Es ist absolut wichtig die karmischen Verbindungen mit Menschen aufzulösen, mit denen wir ganz bestimmt nicht noch einmal geboren werden wollen.
Ich rate dir, dass du dies lange vor deinem Tod übst. Wenn du geliebte Menschen in den Tod begleitest, helfe ihnen ihr Leben zu rekapitulieren. Helfe ihnen, Vergebung gegenüber anderen auszusprechen und sich selbst zu vergeben.
Wir haben viel Unrecht getan und viele Fehler gemacht, gegenüber uns selbst, unseren Kindern, unseren Eltern und geliebten Menschen. Es ist wichtig, dass wir damit abschließen. Es ist unausweichlich.
Der zweite Schritt ist Vergebung. Vergebung kommt direkt aus dem Herzen. Es ist kein intellektueller Prozess. Es geht nicht darum deinen Taten wett zumachen. Es geht nur darum, sich in Demut zu entschuldigen. Du solltest dich bei Anderen oder dir selbst entschuldigen und dir für die Fehler in deinem Leben vergeben.
Der dritte Schritt ist die Erlaubnis zu sterben.
Ich erinnere mich an den Sterbeprozess meines Vaters. Er hat sich über viele Wochen hinweg an das Leben geklammert, weil er von meiner Mutter keine Erlaubnis zu sterben bekommen hat. Dann sagte meine Mutter: „Es ist ok, wenn du gehst. Alles wird gut.“ „Ich liebe dich! Ich werde immer an dich denken. Ich will nicht, dass du noch weiter leidest, mein Liebster.“ „Es ist ok, wenn du stirbst.“ In diesem Moment ist er gegangen. Er starb. Es ist sehr wichtig, dass die geliebten Menschen, Kinder, Verwandte und Ehepartner dem Menschen die Erlaubnis geben zu sterben.

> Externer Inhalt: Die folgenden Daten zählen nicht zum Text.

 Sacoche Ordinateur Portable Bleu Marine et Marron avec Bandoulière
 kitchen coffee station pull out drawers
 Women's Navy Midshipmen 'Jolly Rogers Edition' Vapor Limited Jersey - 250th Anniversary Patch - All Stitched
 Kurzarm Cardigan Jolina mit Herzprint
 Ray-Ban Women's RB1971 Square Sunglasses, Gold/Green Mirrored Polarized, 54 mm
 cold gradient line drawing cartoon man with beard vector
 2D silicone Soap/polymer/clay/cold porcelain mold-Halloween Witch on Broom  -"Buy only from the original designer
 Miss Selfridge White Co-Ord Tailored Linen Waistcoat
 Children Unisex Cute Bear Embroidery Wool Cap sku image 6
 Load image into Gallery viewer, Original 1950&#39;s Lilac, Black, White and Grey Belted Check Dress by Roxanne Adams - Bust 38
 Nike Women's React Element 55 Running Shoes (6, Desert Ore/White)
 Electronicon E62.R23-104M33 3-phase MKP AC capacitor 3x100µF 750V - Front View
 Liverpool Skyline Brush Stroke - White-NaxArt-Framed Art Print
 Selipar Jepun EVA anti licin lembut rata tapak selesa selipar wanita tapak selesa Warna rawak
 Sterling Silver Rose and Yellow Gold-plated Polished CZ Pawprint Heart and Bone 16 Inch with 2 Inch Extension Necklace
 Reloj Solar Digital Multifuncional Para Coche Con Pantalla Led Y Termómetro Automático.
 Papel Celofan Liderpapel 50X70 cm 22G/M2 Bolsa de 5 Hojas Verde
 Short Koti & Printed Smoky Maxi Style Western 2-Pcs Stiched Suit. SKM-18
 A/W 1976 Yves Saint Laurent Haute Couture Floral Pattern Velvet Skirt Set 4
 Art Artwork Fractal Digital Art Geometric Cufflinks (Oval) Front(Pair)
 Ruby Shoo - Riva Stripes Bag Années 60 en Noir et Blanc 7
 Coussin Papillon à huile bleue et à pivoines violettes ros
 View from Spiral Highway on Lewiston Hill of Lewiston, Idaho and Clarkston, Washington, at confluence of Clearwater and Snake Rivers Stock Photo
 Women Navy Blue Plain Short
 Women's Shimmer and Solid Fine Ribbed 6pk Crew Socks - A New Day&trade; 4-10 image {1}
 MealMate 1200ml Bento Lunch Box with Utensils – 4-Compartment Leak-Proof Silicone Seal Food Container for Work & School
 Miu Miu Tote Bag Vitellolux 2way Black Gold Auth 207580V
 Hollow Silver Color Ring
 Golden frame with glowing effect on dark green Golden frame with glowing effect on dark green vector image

„Es ist ok, wenn du jetzt gehst.“ „Alles wird gut. Wir werden aufeinander aufpassen.“ „Es ist ok. Wir wollen, dass du deinen Frieden findest.“ „Geh, geh nach Hause.“ „Es ist ok, wenn du gehst.“
Dies sind die drei wichtigsten Schritte im Sterbeprozess: Rekapitulation, Vergebung und die Erlaubnis zu sterben.